For most men in a brazen prison live,
Where, in the sun’s hot eye,
With heads bent o’er their toil, they languidly
Their lives to some unmeaning taskwork give,
Dreaming of naught beyond their prison wall.
And as, year after year,
Fresh products of their barren labor fall
From their tired hands, and rest
Never yet comes more near,
Gloom settles slowly down over their breast.
And while they try to stem
The waves of mournful thought by which they are prest,
Death in their prison reaches them,
Unfreed, having seen nothing, still unblest.

I’m very grateful to my schooling for putting Matthew Arnold on the curriculum – this subversive little passage seems designed to undermine the office and factory culture which has flourished since his time, to undermine even the student writing endless essays. Arnold was an inspector of schools as well as a poet and social critic, so we can assume he knew what he was doing. But isn’t it suggesting that a dissatisfied person should just drop out? More on that in the next fragment.

The other thing I like about the piece is its easy, flowing style. Every line rhymes, but without pattern. The lines are iambic, mostly pentameter, but a scattering of them are shorter. It feels very conversational, and it is certainly very easy to learn by heart (which is one of the reasons that poetry evolved in the first place). The only hiccup to natural speech are the displacement of ‘live’ and ‘give’ to the ends of their lines for the sake of the rhyme and even that, though artificial, is done conventionally enough to read smoothly. The rest of it is in normal speech. When T.S. Eliot came out with ‘Prufrock’ some decades later, though it had a different, Imagist sensibility, the only real difference in style was in dropping the thou’s and thee’s that Arnold still clung to.

Photo: “Office workers in Executive Building Room No. 123 prior to alterations, Brisbane” by Queensland State Archives is marked with CC PDM 1.0

Short poem: ‘Golden Childhood’

Golden girl on a sunset beach
With a dog and a horse,
Golden boy spears a silver shark
Under the sea;

Is such a dream forever in reach
Or forever false?
We stumble, emotional, through the warm dark
Back to the sea.

I wrote this in my 20s when I was saying goodbye to the Bahamas – my father had died, my mother had sold the house and moved back to Europe. For the next few decades I lived in Denmark, Canada, the US… but eventually came back to the sea.

The poem was originally published in Candelabrum. I always had difficulty with that seventh line. Originally it had “emotionally”, and I sort of justified it with the line itself being a stumble… but it’s a bad line, too many syllables, too many consonants. Sometimes when I submit a poem to a magazine, the editor points out a flaw, and more rarely, offers a useful alternative. Poems can always be tinkered with.
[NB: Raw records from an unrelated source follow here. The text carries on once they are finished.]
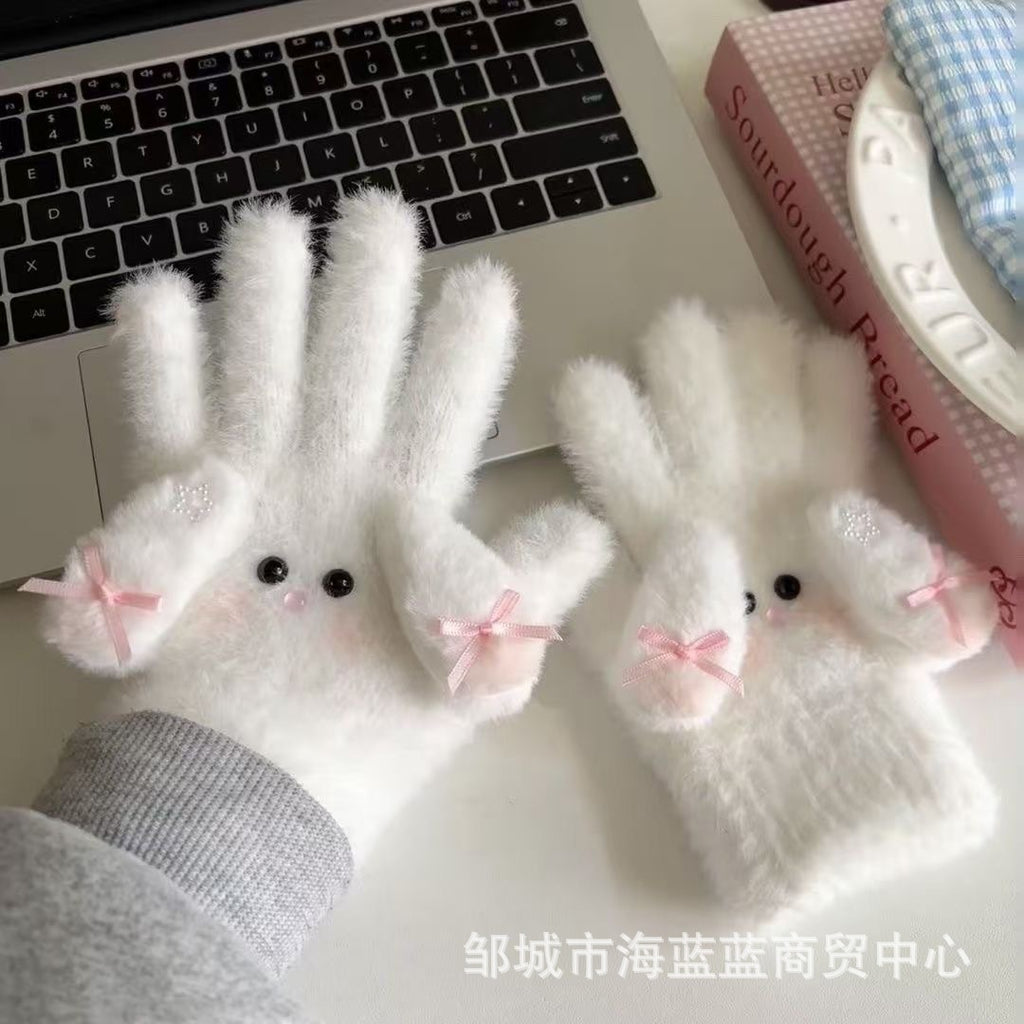 小红书同款kt猫手套带钻带水钻猫咪装饰手套冬季保暖水貂毛可爱学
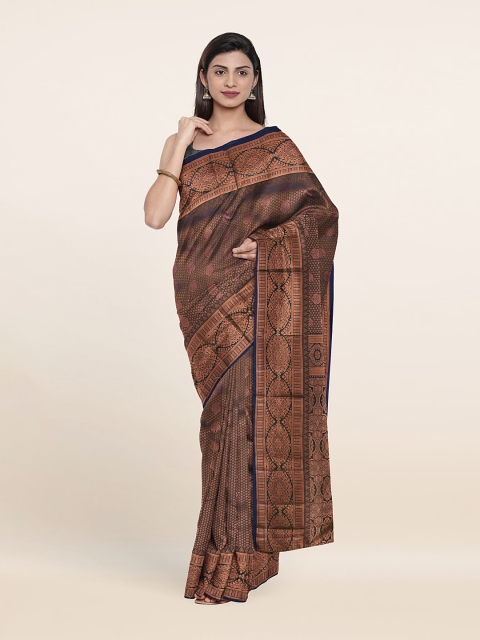 

Pothys Copper-Toned Floral Zari Pure Silk Saree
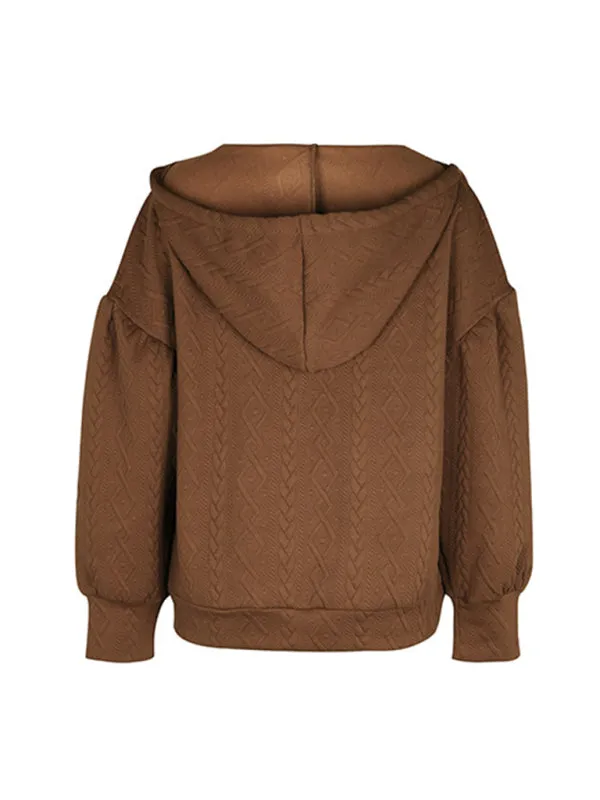 TEEK - Coffee Knitted Long Hooded Sweatshirt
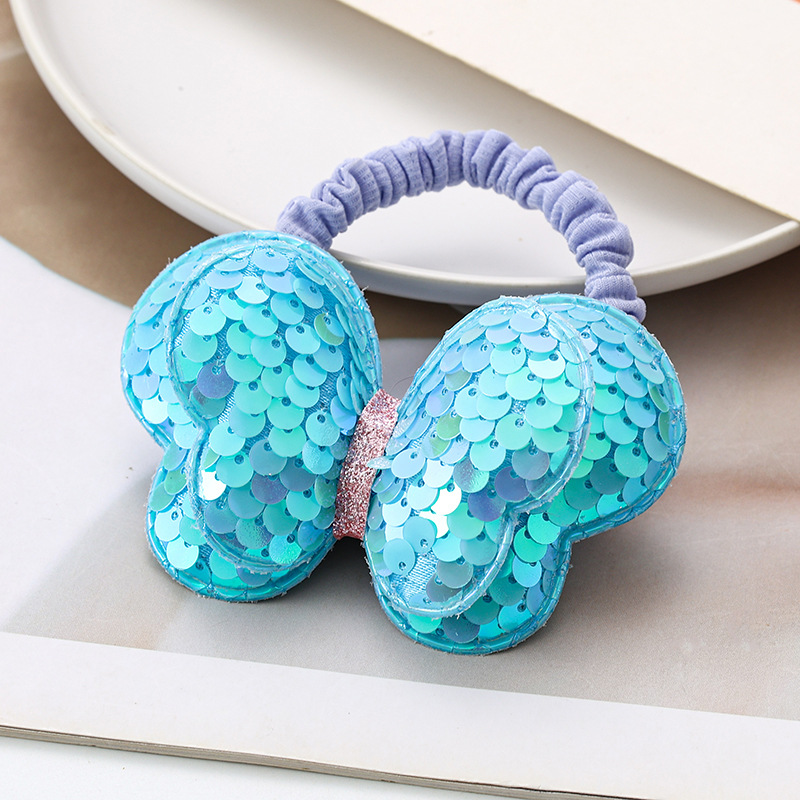 2025新款亮片蝴蝶发绳儿童发圈蝴蝶结扎高马尾头绳女孩橡皮筋头饰详情3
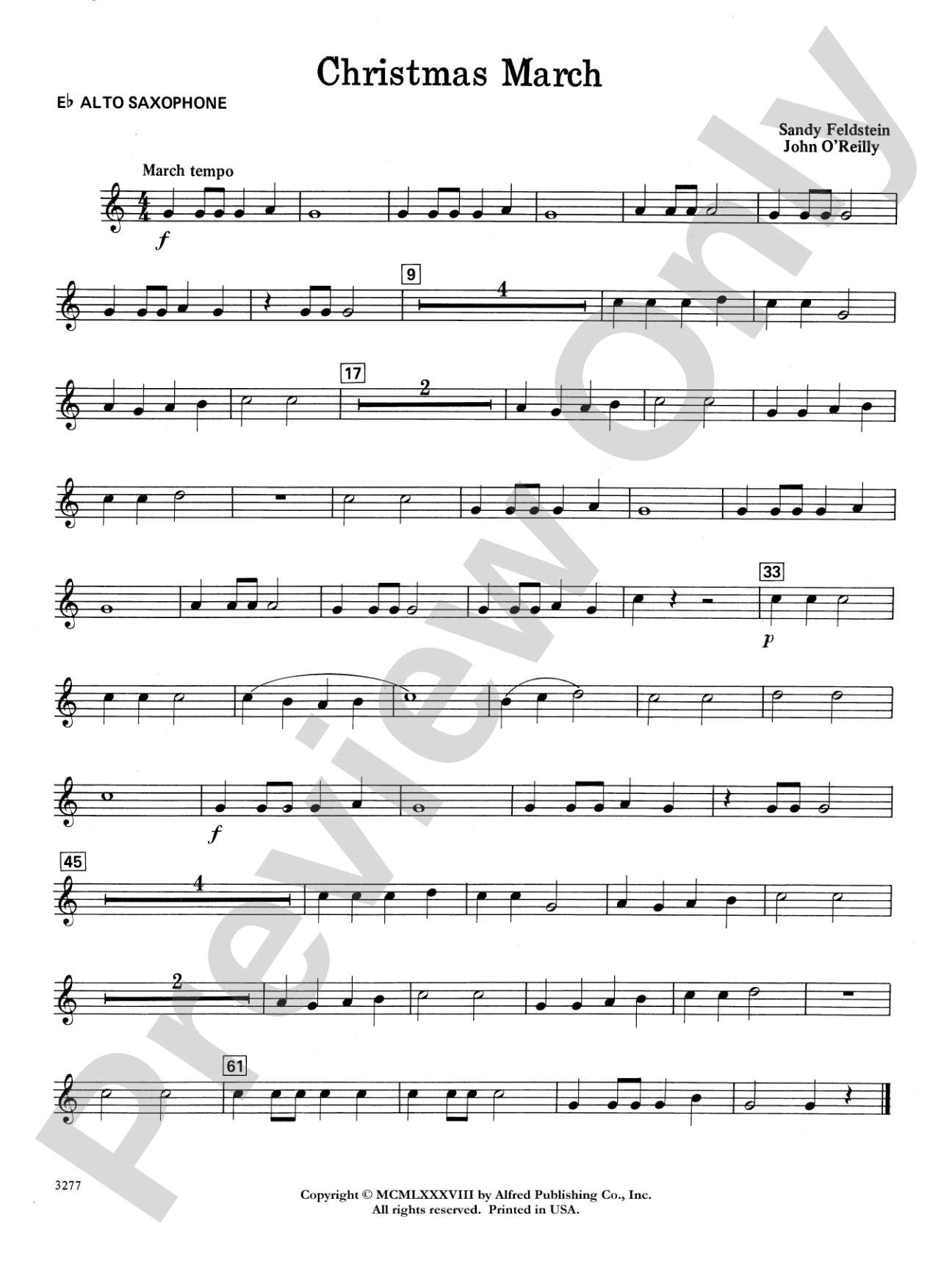 Christmas March: E-flat Alto Saxophone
Photo cropped from “Girl riding a horse at sunset on Bali” by Jimmy McIntyre – Editor HDR One Magazine is licensed under CC BY-SA 2.0

Poem: ‘Here Come the Old Gods’

Here come the old gods,
laughing in their sleeves
At all the foolishness
humankind believes.
Vishnu and Odin say
Prayers are in vain.
Loki and Shiva say
All goes down the drain.
Jesus and Buddha say
All will rise again.
Dig into the molecule,
the atom you disclose–
Search into the atom and
its particles expose–
Then to string and quantum,
to things that no one knows,
But downward still and downward
the endless staircase goes.
What yet smaller pieces
make up the smallest part?
What is outside everything?
What’s before the start?
The answer’s in the searching
through human gods and sin,
The answer’s in the clicking
of the wheel’s endless spin,
The answer’s in the angels
dancing on a pin,
The answer is the journey
you begin, begin, begin.

This poem was published this month in Snakeskin. It is rhythmic without being precise in its metre: this, together with the rhymes, means it is easy to chant (if you like chanting poetry). Philosophically it is a good expression of my personal beliefs (or lack thereof). I’m a Militant Agnostic: “I don’t know, and neither do you.” Which creates a lot of space for us all to enjoy life.